Reimbursement and Quality Metrics

Impact Summary
  • Hair Loss reimbursement hinges on accurate ICD-10-CM coding (L65.8, L65.9, A4A.0-A4A.9) and proper documentation for maximum payment.
  • Misdiagnosis or incorrect coding can lead to claim denials, impacting revenue cycle management and hospital revenue.
  • Quality metrics for Hair Loss treatment efficacy (e.g., hair regrowth, patient satisfaction) affect hospital rankings and value-based care reimbursement.
  • Proper coding supports data analysis for population health management, identifying trends and improving Hair Loss treatment outcomes.
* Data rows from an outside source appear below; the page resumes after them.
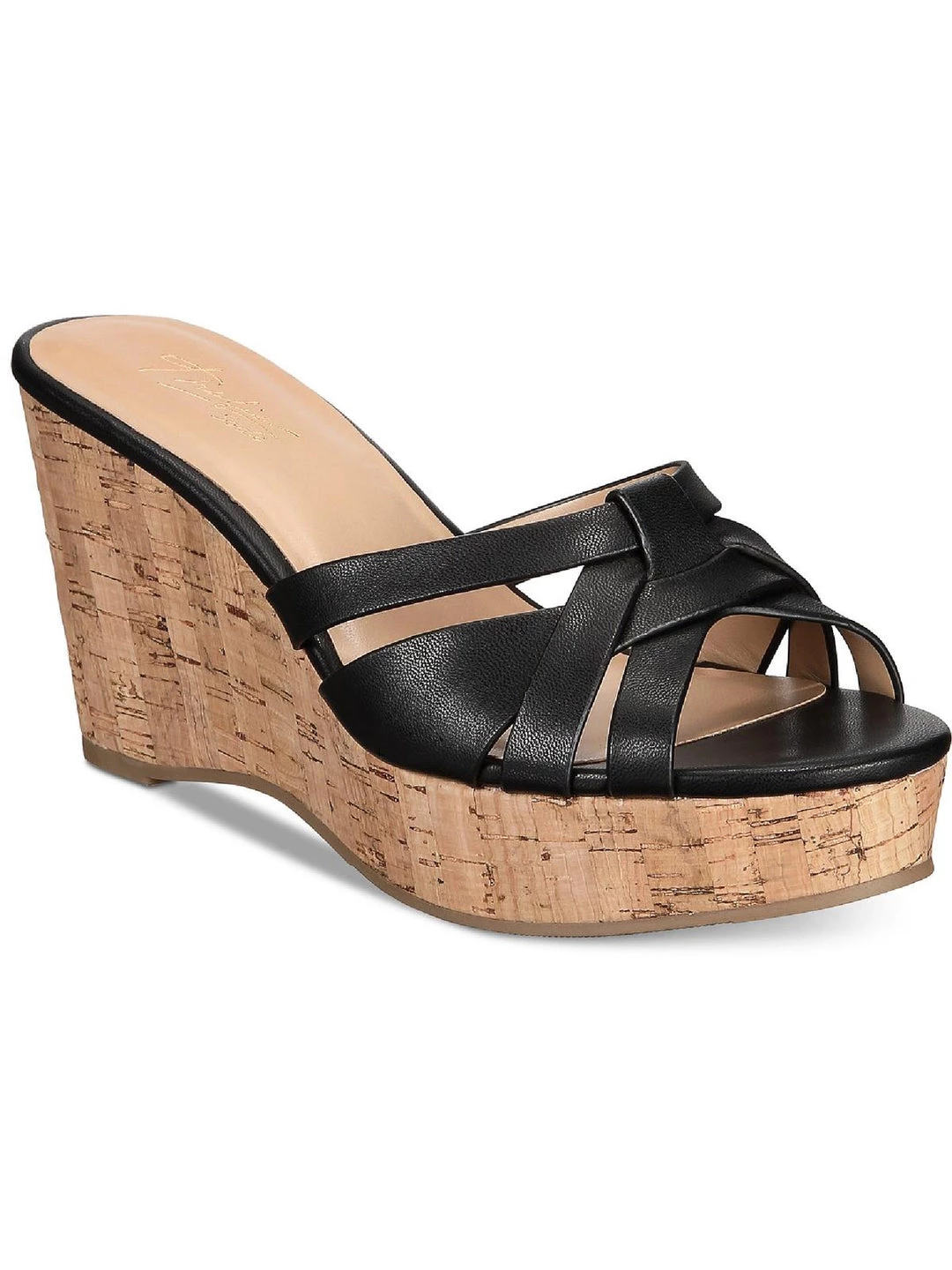 Cheapest โญ Thalia Sodi Jaylen ๐ฉ Womens Faux Leather Platform Wedge ๐ฉด Sandals ๐ฅ 1 Cheapest โญ Thalia Sodi Jaylen ๐ฉ Womens Faux Leather Platform Wedge ๐ฉด Sandals ๐ฅ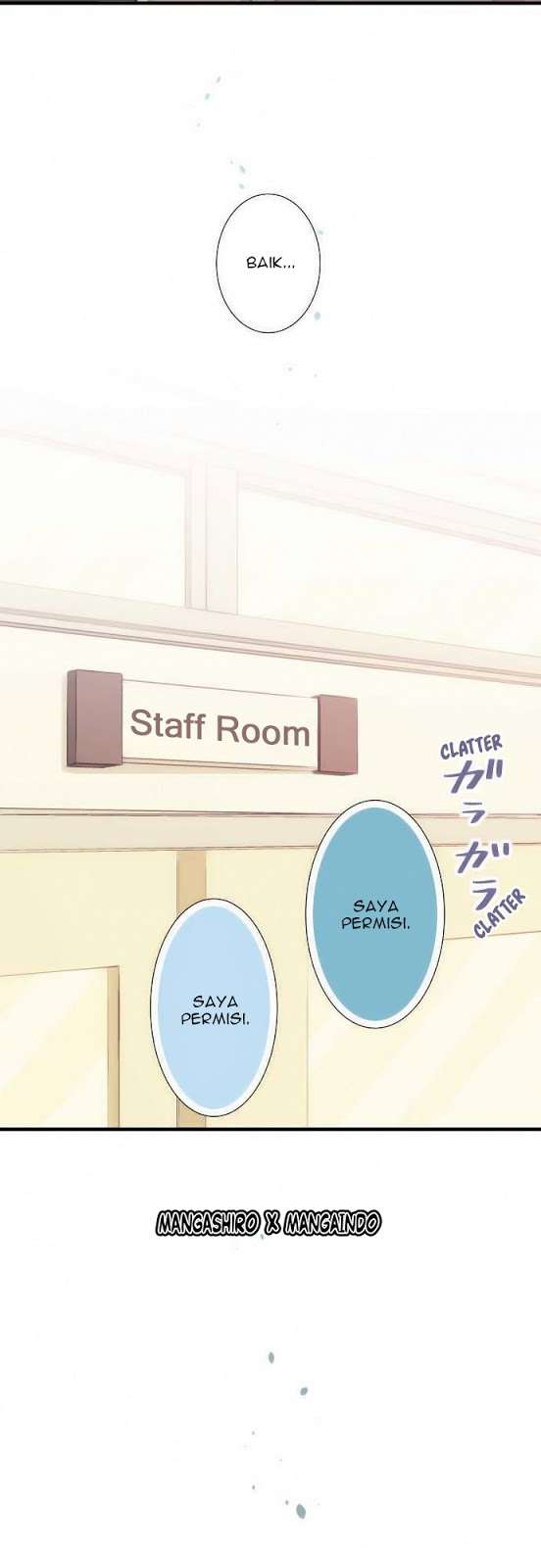ReLIFE Chapter 58 halaman 8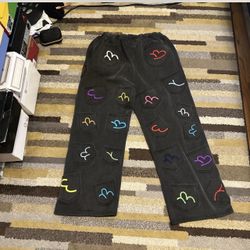 GV GALLERY MULTI POCKETS SWEATS 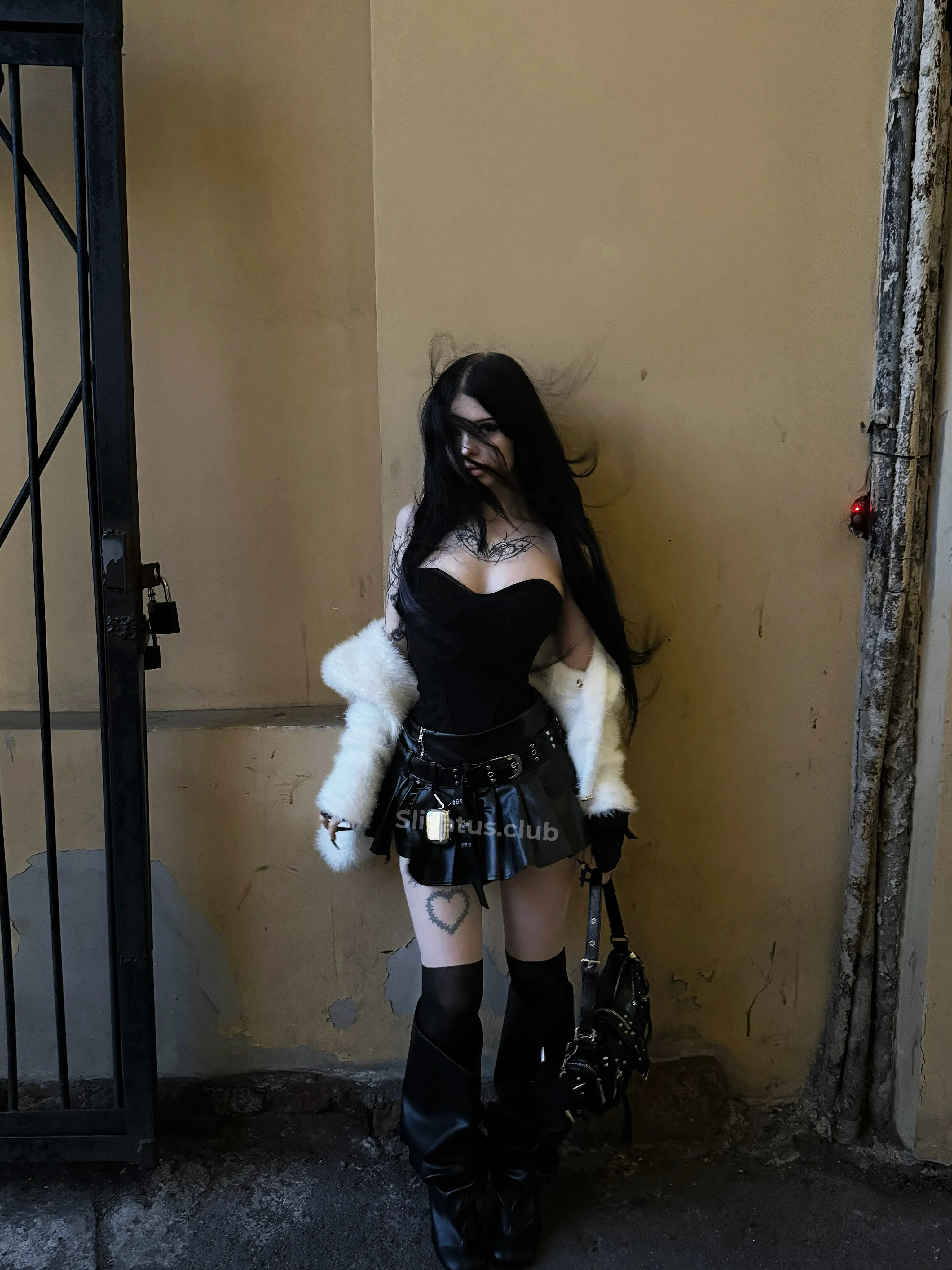 В высоком качестве Слив модели curigato 18+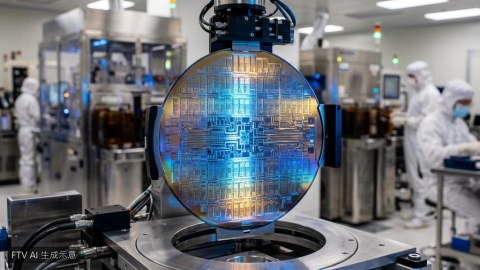 中國傳晶片技術突破　亞洲股市早盤重挫、三星跌逾7%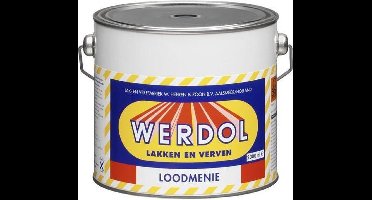 Werdol Loodmenie 2L
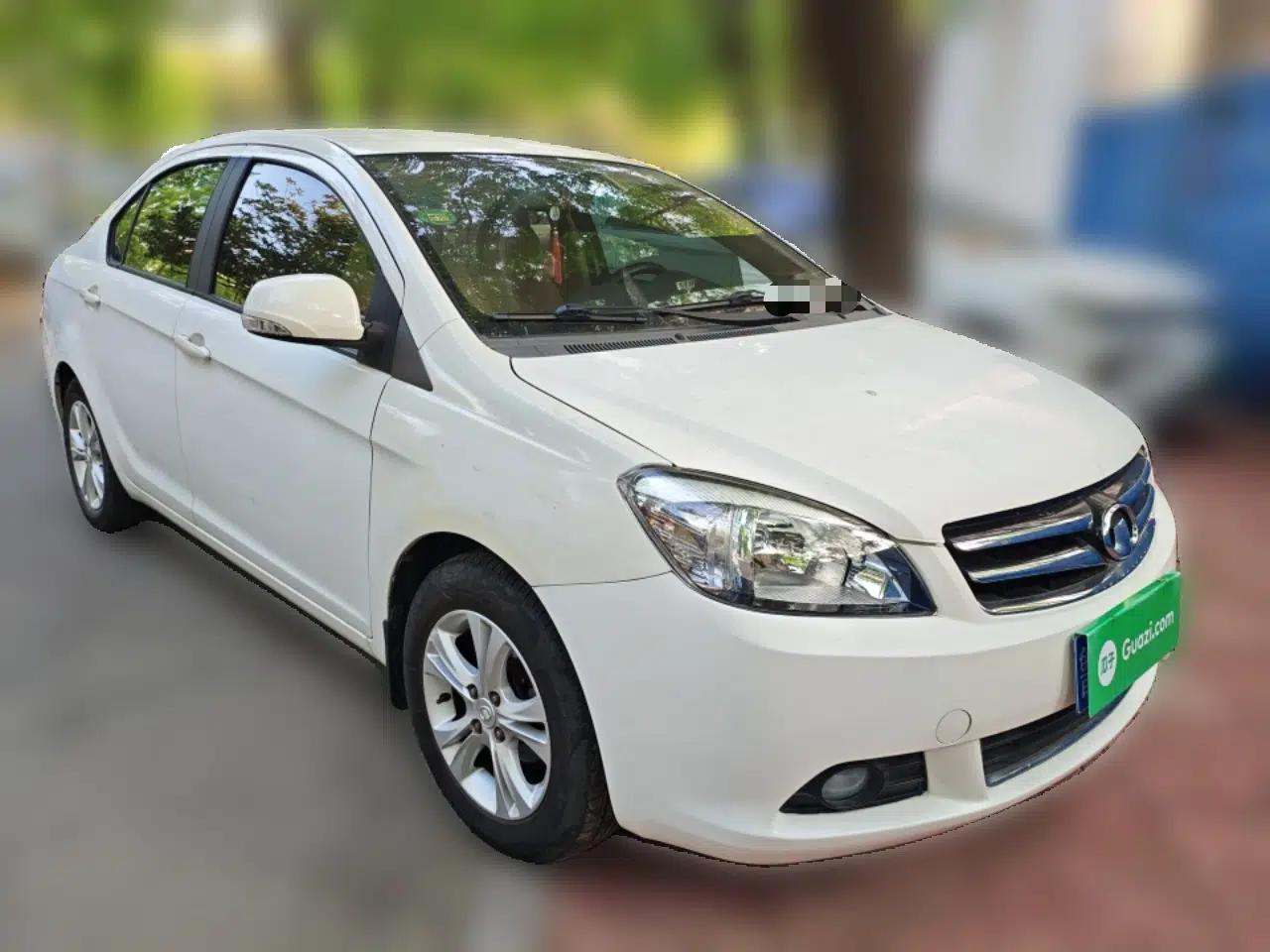 Great Wall C30 2013 1.5L Manual Comfort Model — миниатюра 3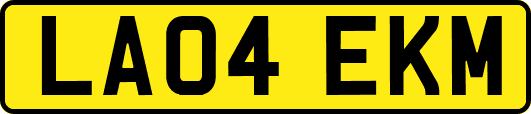 LA04EKM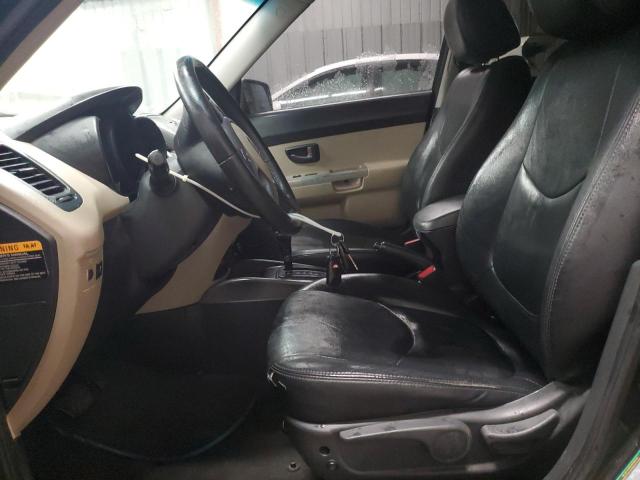 Photo 7 from auction – 2010 KIA SOUL + with VIN KNDJT2A2XA7094565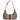 Guess Erenia Top Zip - Schultertasche (latte logo) - Markenkoffer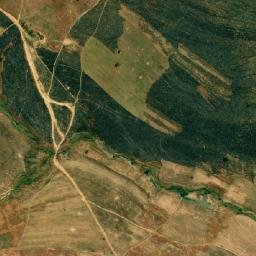 Satellite imagery of Calique, AO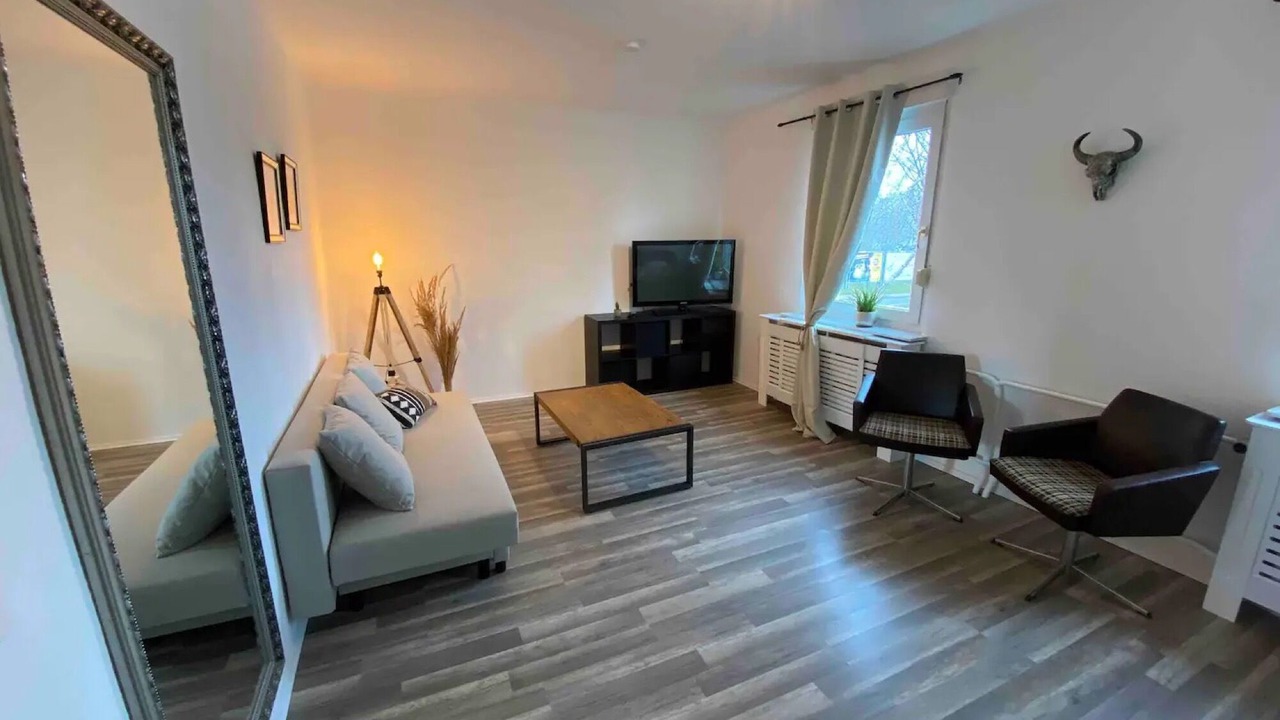Photo of Livingroom in Olvenstedt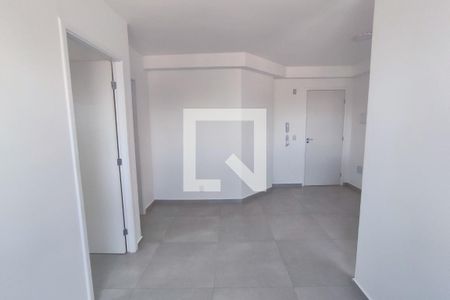 Sala de apartamento para alugar com 1 quarto, 30m² em Vila Guilhermina, São Paulo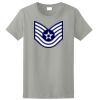Ladies Ultra Cotton ® 100% Cotton T Shirt Thumbnail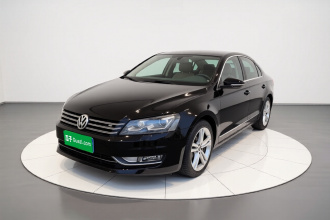 大众 帕萨特 2013款 3.0L V6 DSG旗舰版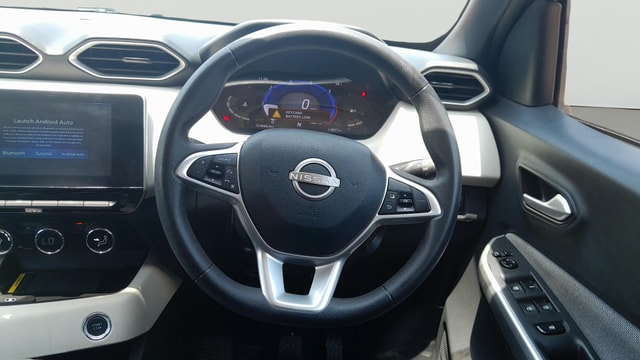 View Nissan Magnite Image 20 Used Nissan Magnite Image 20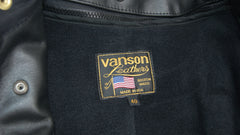 Vanson House Jacket, size 40
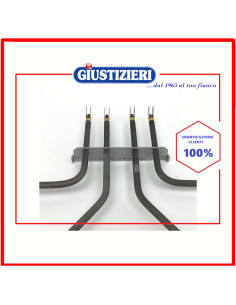 resistenza superiore originale forno bosch 2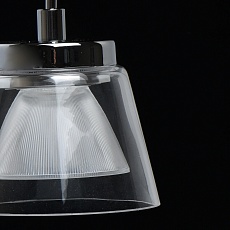 Подвесной светодиодный светильник De Markt Торес 110011205 2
Streamline Your Medical Coding

Let S10.AI help you select the most accurate ICD-10 codes. Our AI-powered assistant ensures compliance and reduces coding errors.

Quick Tips

Practical Coding Tips
  • Code primary hair loss diagnosis
  • Specify alopecia type, e.g., androgenetic
  • Document onset, duration, severity
  • Consider associated conditions, e.g., thyroid
  • Rule out drug-induced hair loss

Documentation Templates

Patient presents with concerns regarding hair loss, medically termed alopecia.  The patient reports experiencing thinning hair, noticeable shedding, or receding hairline.  Onset, duration, and progression of hair loss were documented.  Associated symptoms such as itching, scaling, pain, or changes in nail or skin texture were also queried and noted.  Family history of hair loss, including pattern baldness or androgenetic alopecia, was reviewed.  Current medications, including any over-the-counter drugs, supplements, and hormonal therapies, were documented.  Recent illnesses, stressors, dietary changes, and significant weight fluctuations were also considered.  Physical examination reveals scalp characteristics, including hair density, texture, and distribution pattern.  Evidence of inflammation, erythema, scaling, or scarring was assessed.  Hair pull test results were documented.  Differential diagnoses considered include androgenetic alopecia, telogen effluvium, alopecia areata, traction alopecia, and other forms of hair loss.  Assessment points towards a likely diagnosis of [Specific Diagnosis, e.g., Telogen Effluvium].  Plan includes further investigation with [Diagnostic tests if any, e.g., scalp biopsy, blood work for thyroid function, iron levels, etc.].  Patient education provided on potential causes of hair loss, management strategies, and treatment options including topical minoxidil, finasteride, or other relevant therapies.  Follow-up appointment scheduled to monitor progress and adjust treatment plan as necessary.  ICD-10 code [Appropriate ICD-10 code, e.g., L65.9 for Alopecia, unspecified] assigned.